John Foxe (1516-1587), English Protestant clergyman and author of The Book of Martyrs. He was born in Boston, Lincolnshire, and educated at the University of Oxford. He was a fellow of Magdalen College, Oxford, from 1539 to 1545 and tutor to the children of the English poet and soldier Henry Howard from 1548 to 1553. With the accession to the English throne of the Roman Catholic Mary I, he left the country, remaining abroad until 1559, after Elizabeth I became queen of England. Foxe was ordained in 1560, and he was made prebendary in Salisbury Cathedral in 1563.

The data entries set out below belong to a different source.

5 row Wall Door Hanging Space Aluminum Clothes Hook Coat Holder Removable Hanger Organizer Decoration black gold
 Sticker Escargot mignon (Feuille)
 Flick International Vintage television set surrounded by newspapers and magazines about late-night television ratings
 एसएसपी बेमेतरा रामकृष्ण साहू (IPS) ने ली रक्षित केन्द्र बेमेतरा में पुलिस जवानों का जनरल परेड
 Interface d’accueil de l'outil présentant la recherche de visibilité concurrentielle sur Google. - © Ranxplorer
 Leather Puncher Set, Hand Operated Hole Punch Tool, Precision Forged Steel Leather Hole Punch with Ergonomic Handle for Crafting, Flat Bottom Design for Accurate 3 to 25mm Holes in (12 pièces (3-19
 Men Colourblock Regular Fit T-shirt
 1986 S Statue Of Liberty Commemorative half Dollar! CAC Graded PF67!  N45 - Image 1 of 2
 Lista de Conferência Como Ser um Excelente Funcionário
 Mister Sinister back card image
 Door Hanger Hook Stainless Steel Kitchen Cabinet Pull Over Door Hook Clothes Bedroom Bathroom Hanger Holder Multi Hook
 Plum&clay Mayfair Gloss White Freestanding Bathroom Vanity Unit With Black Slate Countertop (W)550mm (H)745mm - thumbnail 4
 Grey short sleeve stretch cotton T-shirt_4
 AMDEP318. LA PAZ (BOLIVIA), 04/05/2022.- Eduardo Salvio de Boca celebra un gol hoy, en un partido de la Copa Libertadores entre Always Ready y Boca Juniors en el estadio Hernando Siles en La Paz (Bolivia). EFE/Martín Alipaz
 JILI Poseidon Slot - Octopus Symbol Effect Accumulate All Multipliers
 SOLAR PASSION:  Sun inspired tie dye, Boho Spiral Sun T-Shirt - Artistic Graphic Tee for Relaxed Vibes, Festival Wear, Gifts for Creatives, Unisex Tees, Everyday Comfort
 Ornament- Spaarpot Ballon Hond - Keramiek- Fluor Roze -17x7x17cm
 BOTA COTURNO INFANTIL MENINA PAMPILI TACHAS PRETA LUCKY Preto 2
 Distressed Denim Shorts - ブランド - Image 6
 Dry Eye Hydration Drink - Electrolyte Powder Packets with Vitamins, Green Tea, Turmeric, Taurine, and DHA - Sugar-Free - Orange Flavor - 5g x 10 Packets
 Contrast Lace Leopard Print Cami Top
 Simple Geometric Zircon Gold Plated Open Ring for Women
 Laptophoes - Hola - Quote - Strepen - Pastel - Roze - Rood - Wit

While in exile, Foxe had begun to work on a Latin history of Christian persecutions, Rerum in Ecclesia Gestarum .... Commentarii. He completed this work in 1559, having included in it much material from the Roman Catholic persecutions of the Protestants in England. An English translation, Acts and Monuments of These Latter and Perilous Dayes ..., was published in 1563 and became popularly known as The Book of Martyrs. This work was the source of the popular conception of Roman Catholicism for generations of English people. Its accuracy was attacked and a second edition, corrected by Foxe, was published under the title Ecclesiastical History, Contayning the Actes and Monuments of Things Passed in Every Kynges Tyme. In 1570 the Anglican Convocation ordered this edition to be placed in every collegiate church in England. The work is uncritical and indicates that, at best, Foxe believed every atrocity story he heard. On the other hand, Foxe was far in advance of his time in advocating religious tolerance.